Beyond machinery and buildings
Canada’s productivity challenge is increasingly intangible. While physical investment has stagnated, spending on software, data, brand, and intellectual property has surged to 38% of total business investment, up from 22% in 2005 (OECD 2025). Yet these assets are under-measured in GDP and under-leveraged for growth.
| Category | Share of Business Investment 2005 | 2025 | CAGR | Source |
|---|---|---|---|---|
| Tangible assets | 78 % | 62 % | -1.4 % | StatsCan |
| Intangible assets | 22 % | 38 % | +3.2 % | OECD 2025 |
| Productivity growth (avg.) | 1.4 % | 0.9 % | — | BoC |
Why it matters
- Intangibles drive competitive advantage but aren’t collateralized easily.
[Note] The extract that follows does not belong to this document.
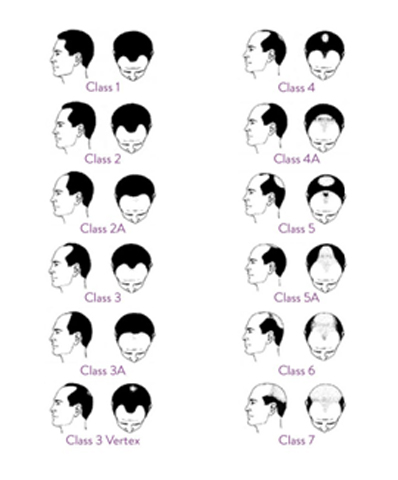 Norwood Hair Loss Scale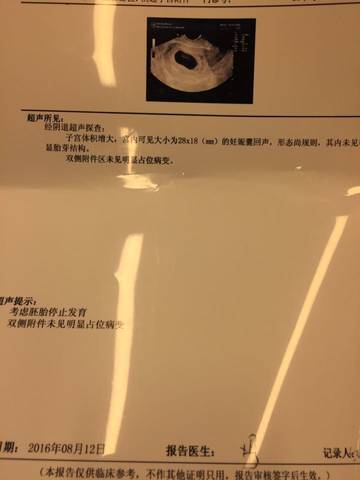 怀孕35天胚胎图片高清,怀孕40天胚胎图片高清 怀孕第51天未见胎心胎芽,医生说胚胎停止发育,可我不舍的流掉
- Accounting and lending frameworks lag digital-era realities.
- Knowledge-intensive sectors depend on IP protection and data rights.
What leaders can do
- Map and value intangibles — patents, data, processes, and brand equity.
- Engage financial institutions on new collateral models.
- Use digital twins of operations to quantify intangible ROI.
- Advocate for updated productivity metrics. GDP undercounts digital wealth.
Arcus Insight: Canada’s next productivity leap won’t come from machines — it will come from math. Intangibles are the new infrastructure.